The NGOs as «the Third Estate» of global governance?
For two or three years now the UN has been systematically preaching – supported by the governments of industrialised countries – tripartite cooperation between governments, civil society and private sector. The Cardoso Panel is working on the assumption that there are three international players – governments, civil society and private sector – whose interaction is to be determined and will constitute future global governance. The aim is a corporatist construct in which NGOs function as representatives of the «Third Estate».
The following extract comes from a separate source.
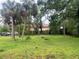Expansive backyard with lush green grass, mature trees, and tropical foliage at 310 2Nd Nw Ave, Ruskin, FL 33570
Michael Edwards, Head of the Governance and Civil Society Unit of the Ford Foundation, a major source of funding for US and international NGOs, has further elaborated on the corporatist model in a book. In his view «the NGOs' right to a voice» should be «structured» through a series of compacts between governments, enterprises and NGO networks – and indeed from the bottom up, i.e. from the regional to the national, through to the international level. These compacts would regulate the «roles and responsibilities» of the players with regard to specific issues and institutions. To Edwards, the advantage of his model is that NGOs would no longer be able to circumvent the national level (or political agreement at national level) and take conflicts directly to the international level. He cites the example of the dispute over the Arun III hydroelectric power project in Nepal, which the World Bank wanted to co-finance and which fell through as a result of an international NGO campaign – in this case, Edwards deplores, the painstaking work of national coalition building had simply been circumvented and local Arun III advocates given too scant a hearing.
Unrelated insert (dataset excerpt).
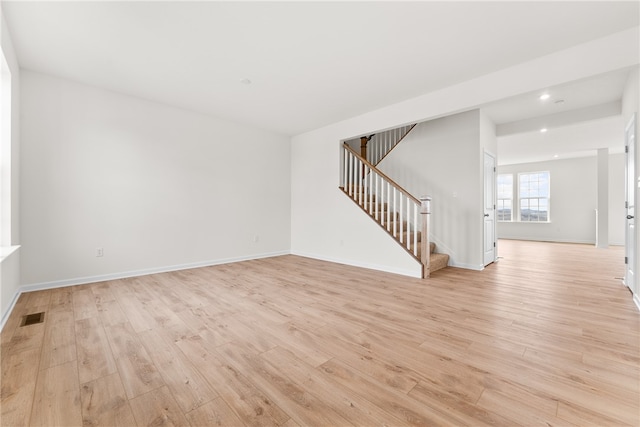 empty room with light wood-type flooring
The example shows, the Edwardian model is clearly seeking to strengthen the powerful and weaken the influence of the NGOs. Moreover, it brings out the problem that is inherent in the corporatist approach for global governance – if the construct is applied at national level, it will be in direct conflict with existing democratic mechanisms. If we imagine a compact between Federal Council, Economiesuisse and NGOs for Switzerland – how should it relate to to the parliaments of all levels, municipal and cantonal executive branches, political parties and instruments of direct democracy? Superordinating the compact would lead to a revolt even in stable Switzerland, whereas subordinating it would make it pointless. Both business and NGOs fare better if they avail themselves directly of the democratic mechanisms, without corporatist construct. There is no reason why the model should be better for developing countries. Tripartite corporatism is only possible internationally, where there is no democracy at all.
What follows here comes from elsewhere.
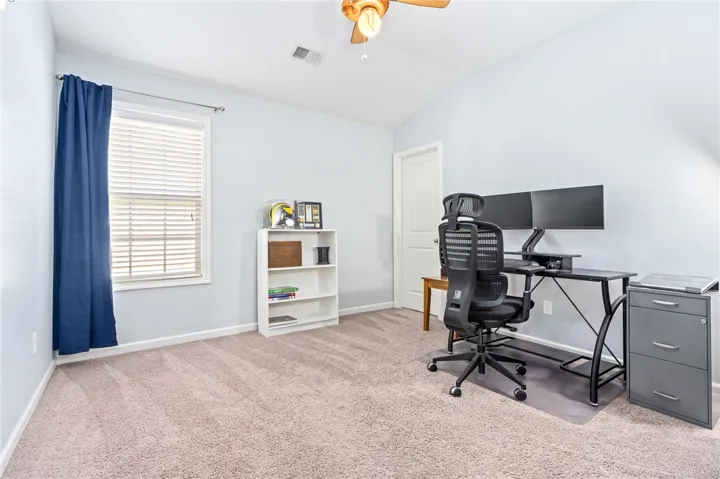A versatile home office features wall-to-wall carpeting and soft neutral wall finishes.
In short, there are good reasons why NGOs should not succumb uncritically to the enticements of global governance with a corporatist structure. It is of course better to bring the NGOs on board for global governance issues rather than leave the field entirely to the representatives of global corporations, which at any rate have long been involved as a matter of course. To our mind, this is the weightiest argument that NGOs should wield in defence of their wish to be heard in matters of global governance. Yet including them does not make international politics any more democratic. They should therefore continue to be critical of the democracy deficit of global governance and monitor the transfer of political powers from the national to the international level with great scepticism.